First, the violent attack will highlight Bolsonaro’s pledge to lift restrictions on gun purchases (purportedly to allow Brazilians to better defend themselves) and give police more discretion to use lethal force. The candidate is known for being a gun enthusiast, and during a recent campaign rally, he said that, after he won the elections, his supporters would “kill them all,” referring to left-wing Workers’ Party supporters.
Bolsonaro’s proposals will likely now appear even more appealing to Brazilians on the right. He may even steal some votes from moderate center-right candidates, who have been reluctant to back more radical revisions of current gun control laws. On the left, though, the attack will be used to argue that Bolsonaro’s inflammatory rhetoric and reckless defense of gun ownership has only heightened the violence. The episode, in other words, will deepen the country’s already vast divisions.

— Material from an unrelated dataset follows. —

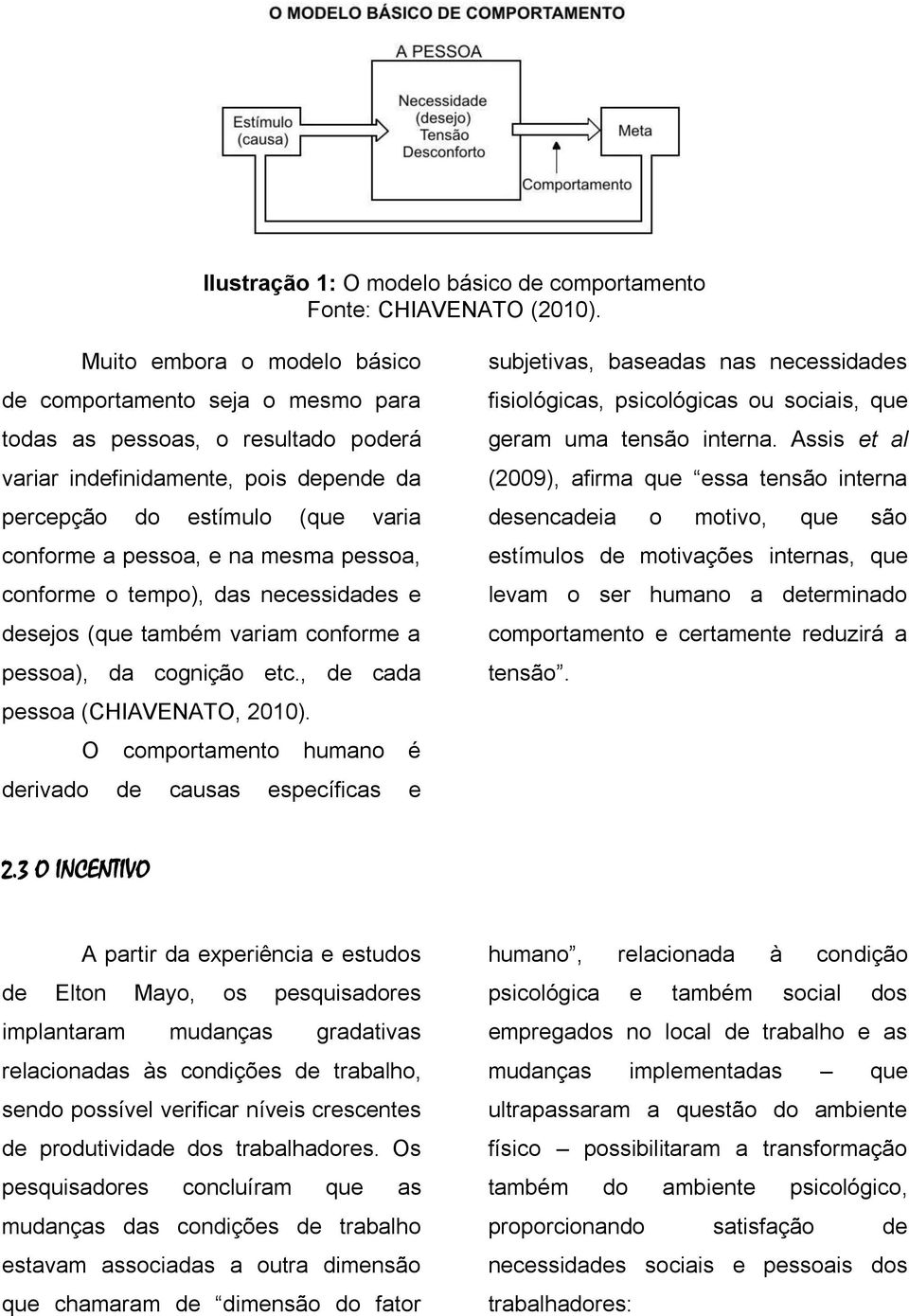 mesma pessoa, conforme o tempo), das necessidades e desejos (que também variam conforme a pessoa), da cognição etc., de cada pessoa (CHIAVENATO, 2010).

Second, in the coming days, rival candidates will have a hard time attacking Bolsonaro overtly. That will be a major problem for their campaigns, because most television ads have already been recorded. This is particularly disturbing for center-right candidate Geraldo Alckmin, whose well-funded campaign was relying on negative TV ads to convince conservative voters of the dangers of supporting an extreme populist.
Bolsonaro was already a front-runner in the race—now it looks even more likely that he will be one of the two contenders to make it to the runoff on Oct. 28. What impact the stabbing will have on the final vote, though, remains to be seen. Even though he leads the polls with 22 percent of the intended vote, Bolsonaro is still a deeply divisive figure—44 percent of voters say that they would never cast a ballot for him. His misogynous and racist comments on the campaign trail have alienated him from moderates, female voters, and minority groups across the board.
Whether he wins or loses, Bolsonaro’s campaign and the knife attack will change Brazilian politics. He embodies the politics of anger that has swept Brazil over the last four years as a major recession—the biggest in recent history—tanked the economy and as a string of scandals exposed widespread corruption across the political class.
With the traditional parties discredited, the field was wide open, and Bolsonaro stepped in. A member of Brazil’s Congress for nearly three decades, he spent most of his career as a fringe figure representing low-rank military officers. Since 2016, however, he has risen to prominence by channeling popular dissatisfaction into support for radical (if unproven) solutions to Brazil’s crime and corruption problems. Bolsonaro has vilified his opponents on the right and left, and in the process he has become the only candidate besides Lula to have built up a mass following.
The attack on Bolsonaro makes clear just how radicalized the Brazilian electorate has become. Growing dissatisfaction with the country’s institutions and poor economic performance has bubbled over in many ways, and as discontent with traditional elites becomes even more prevalent, politics will continue to become more extreme and more violent. Bolsonaro may stand out for his radicalism now, but it is possible that he’ll look rather average in the decades to come.
After the knife attack, Sérgio Etchegoyen, a general and key minister in the current government, called for an end to radicalism. “Hatred will not make us prosper,” he said in a speech. Yet the political establishment has only itself to blame for the current state of affairs in Brazilian politics. For decades, Brazilian elites have thrived in a democracy that consistently privileges interest groups at the expense of the majority and is fueled by large-scale political corruption. The reason so many voters support radical change is because they have lost any hope that the current political system can be reformed from within.
Eduardo Mello is an assistant professor of politics and international relations at the Fundação Getulio Vargas in São Paulo.